The third swat landed midway between the first two and it stung more than the previous two. The tears welled up in my eyes and I was choking them back. The fourth swat landed square across the crown of my butt again, and the fifth and sixth squarely across the lower half of my butt. My whole rump was on fire and by now the tears were flowing. These six swats took about 20 to 30 seconds. Dave stepped back and said, "All right, from this point forward when you're ready for the next swat, say `NEXT' and I'll give it to you. But remember, we have only 15 minutes, and the longer you wait the more each swat will hurt. Understand?" I mumbled something that sounded vaguely like "Yes, sir", stared at the wall in front of me and sheepishly said, "next". CRACK! . . . . . "next". CRACK! . . . . . . . . "next". CRACK! It took almost 2 minutes for the final six and I was really hurting and crying.
Dave let me regain some composure than asked, "Do you want the additional 6?" I really had to think it over, even tough I really needed to retake the mid-term. It was obvious he was going to do his duty and I was going to hurt a lot when this was over, but I answered "Yes, sir." He walked over to the closet and took out the OTHER paddle, and said, "OK. For this set, lie down on the desk top, feet flat on the floor and spread, reach up the sides as far as you can and grab hold tight. If you get out of position the swat doesn't count, I'll say `Another' and add that to the six. So stay in position. Understand?"

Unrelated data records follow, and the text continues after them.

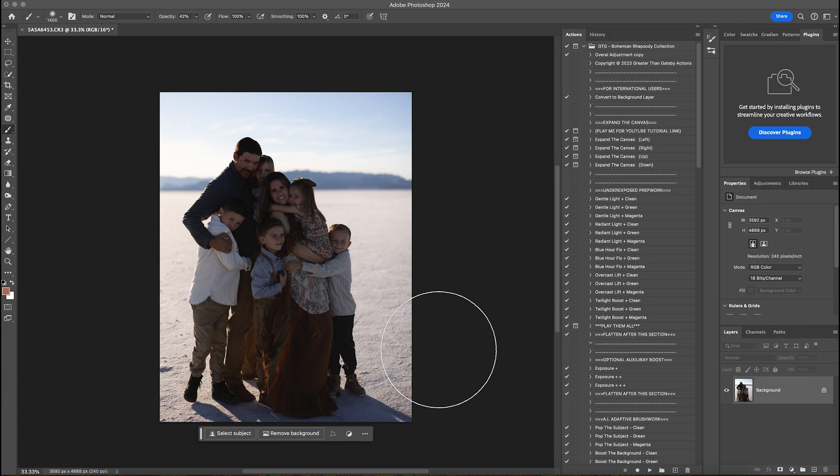Hi guys, this is Shannon with Shannon McTie Photography. I just wanted to hop on and edit this photo with you with the Bohemian Rhapsody collection. This photo was taken in the Salt Flats in Utah and I thought it would be a really fun one to edit. It's a little bit different — there's a lot of white behind them which is reflecting the light back up, so I thought it'd be a good one to see how I would edit.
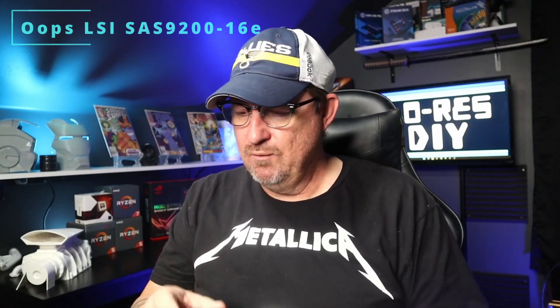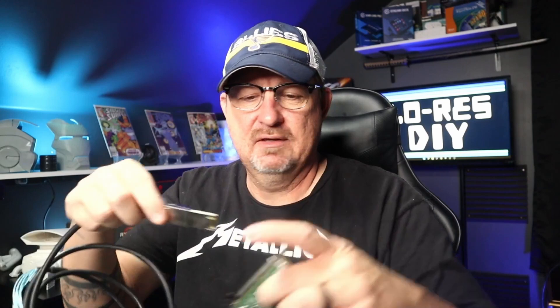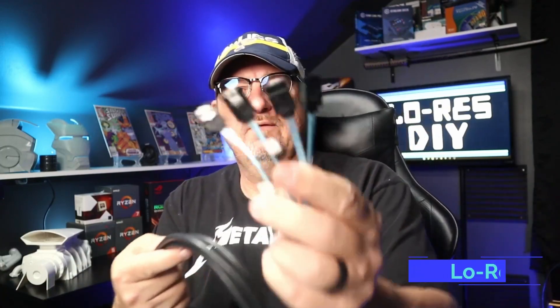What I plan on doing is taking this card here — it's an HP something-or-other, I'll put the link in the description. It takes an SFF-8088 cable — I got these on Amazon, link in the description. This connection right here slides into the card just like that, and on the other end it has four SATA connections to connect up to four hard drives. So this end goes into the server and this end goes to our JBOD.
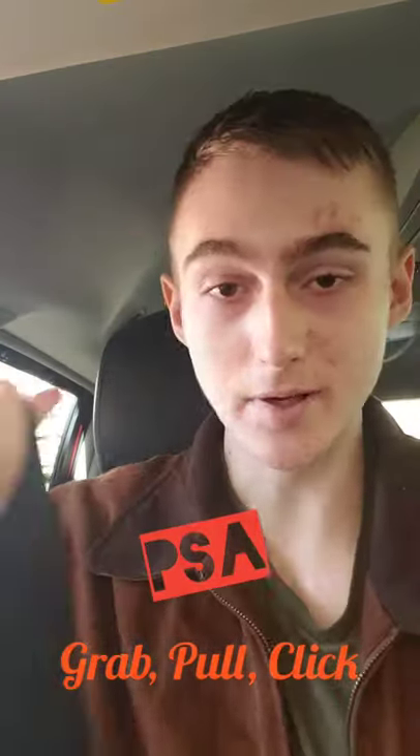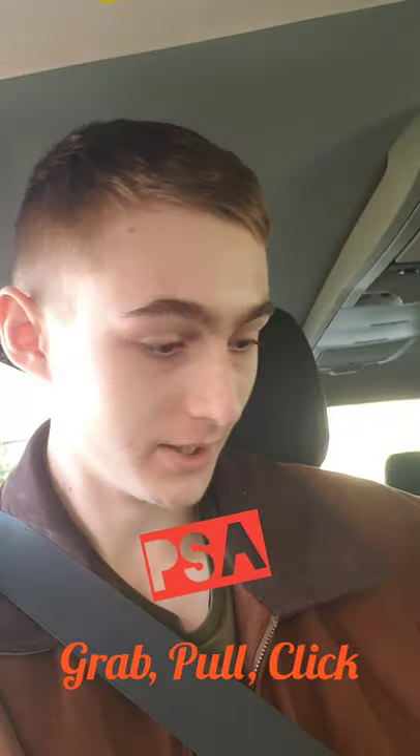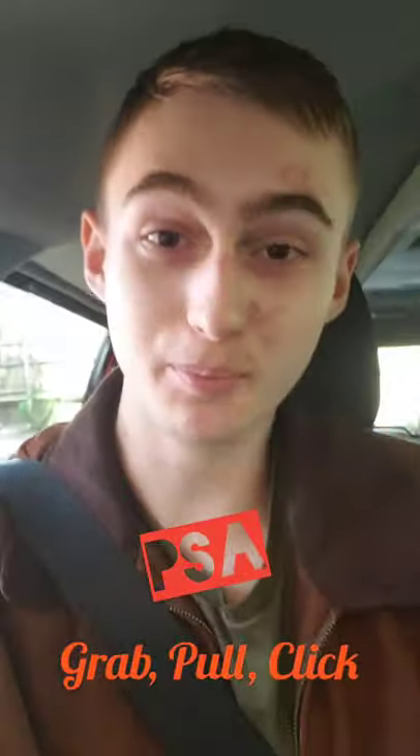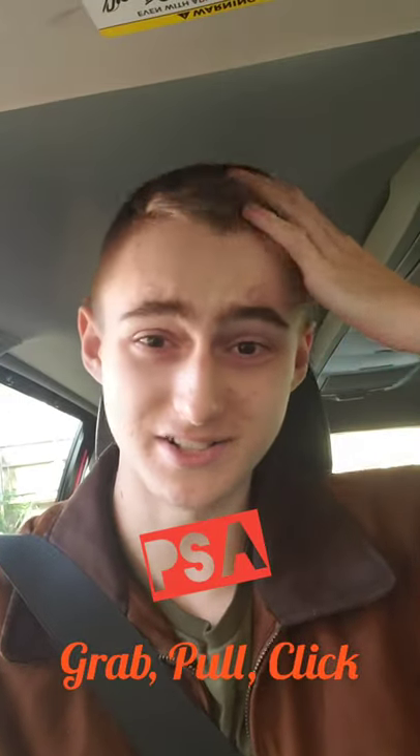We grab it and then we pull. Oh my gosh, that's so difficult. We pull it. Wow, this is going to take so many minutes. And then guess what? We click it right here. Super difficult. That took like, what was it? 20 seconds? Oh my gosh, that's a lot of time.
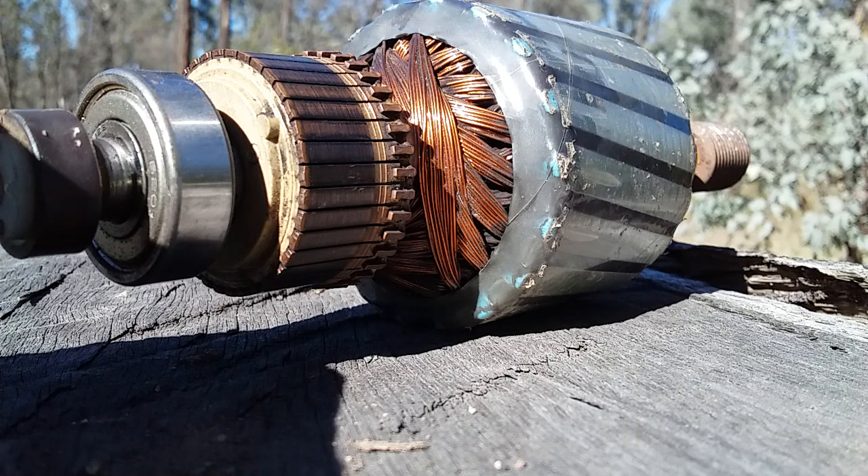In my defence, this is a defence video, just to say — really at the end of the day, you're the ones that have got it wrong.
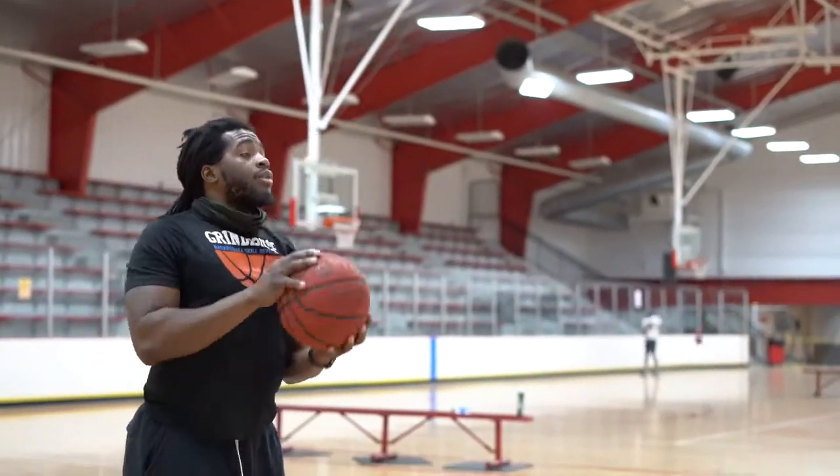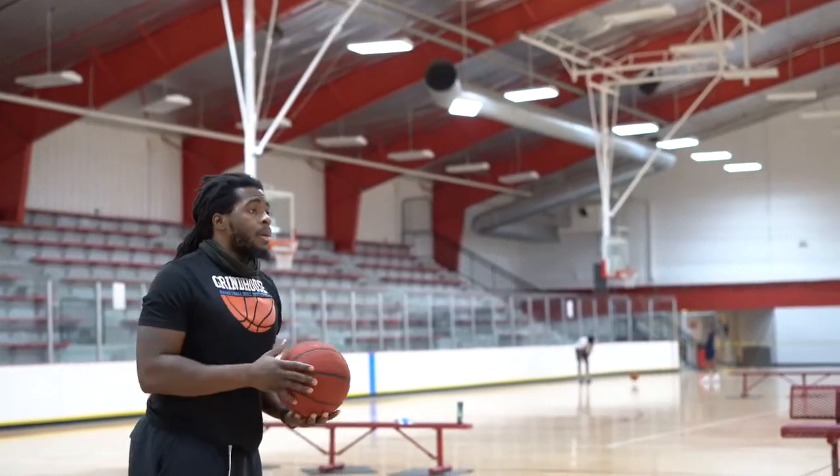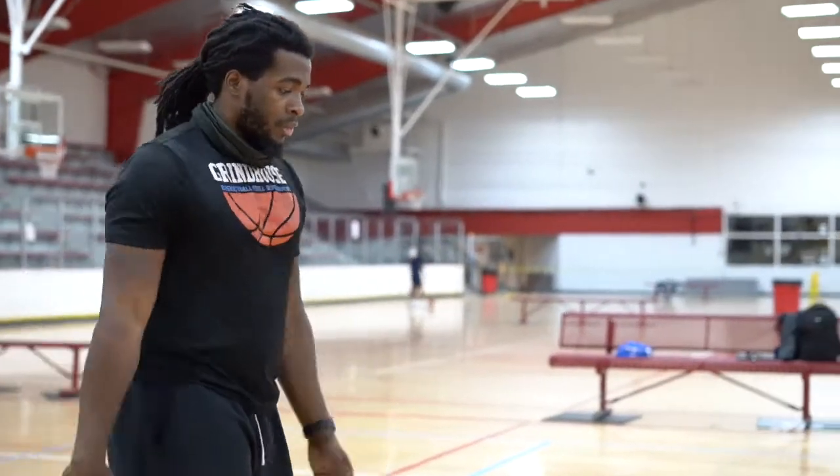Back, pick it up, follow through, down, up, follow through. All right, go ahead, let's get this one on the left hand side.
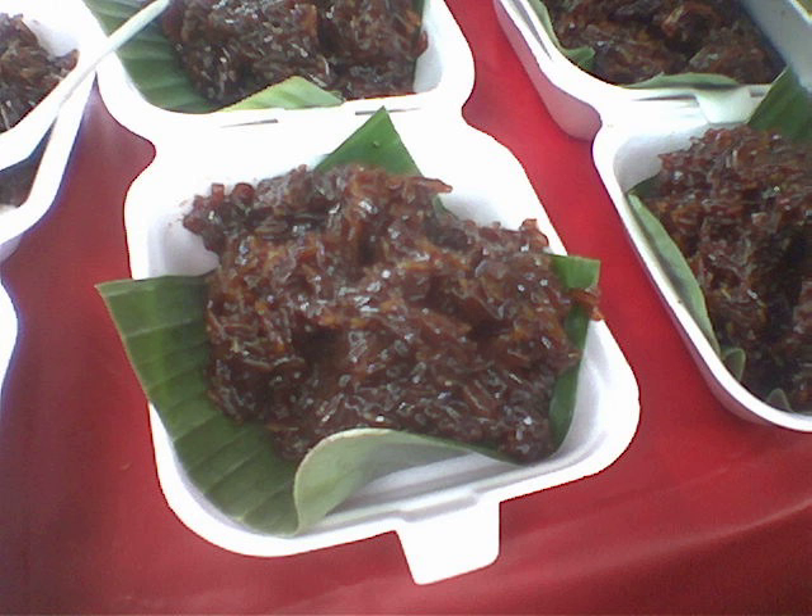Wajik or wajid is a diamond-shaped traditional snack made with steamed glutinous rice and further cooked in palm sugar, coconut milk, and pandan leaves. The sweet sticky rice cake is commonly found in Indonesia, Malaysia, and Brunei. It is called wajid in Brunei and Sabah. In Indonesian language, the term wajik is used to describe the shape of a rhombus or diamond shape; consequently in a card game, the diamond suit is translated as wajik.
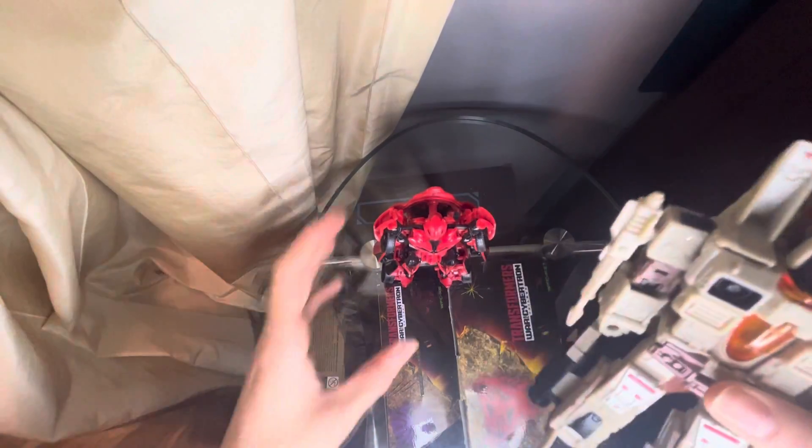For comparison, we have the War for Cybertron Earthrise — or possibly Kingdom — seeker cone head mold and Sandstorm, so you can see how that stacks up.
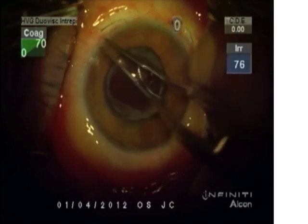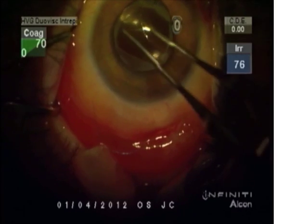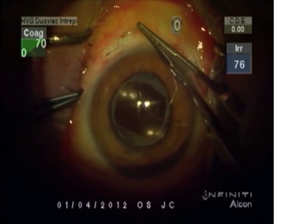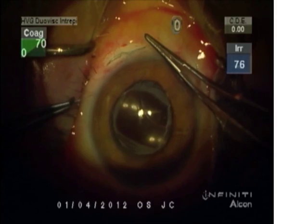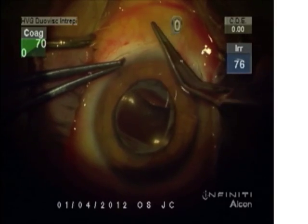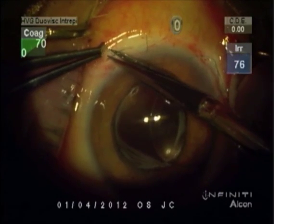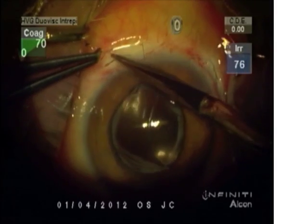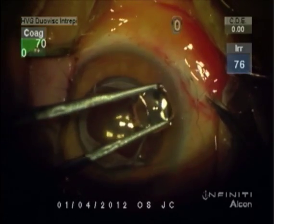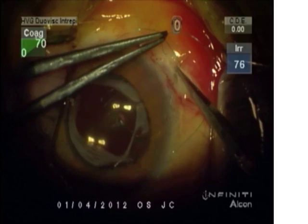The advantage of capsular membrane suture fixation is that we can put a suture anywhere necessary on the circumference, and as many as necessary. We're not limited by the number of haptics on the lens. Going through the Sione ring in the periphery of the capsule risks tearing, because there's no fibrosis in that part. The fibrosis is where the anterior capsule touches the posterior capsule or the implant, so we use that fibrosis to fixate the capsular membrane to the sclera — capsular membrane suture fixation.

"Yes, sir, I understand . . . ." THWACK! No warning, no asking, just WHAM! My butt was just one complete lump of pain. It took less than 10 seconds for the final set of six. I was crying out loud by then. I raised up, held my butt and stared at the wall.
As soon as I was calm again, Dave said "Tuck in your shirt, you don't want to get busted on the way back to the Library!" No kidding, I couldn't have taken another swat at that point. We stopped at the men's room on the way back to the Library so I could wash my face and look at my backside in the mirror. It was cherry red. Dave said it looked like glowing embers. I said, "Hit the lights, let's see if you're right."
We laughed and I took that opportunity to shake his hand and thank him.
P. S. I got an "A-" on the mid-term and a "B" for the term. And I never forgot this unofficial lesson. Dave and I remained friends the rest of the year and no one ever found out about the paddling he gave me.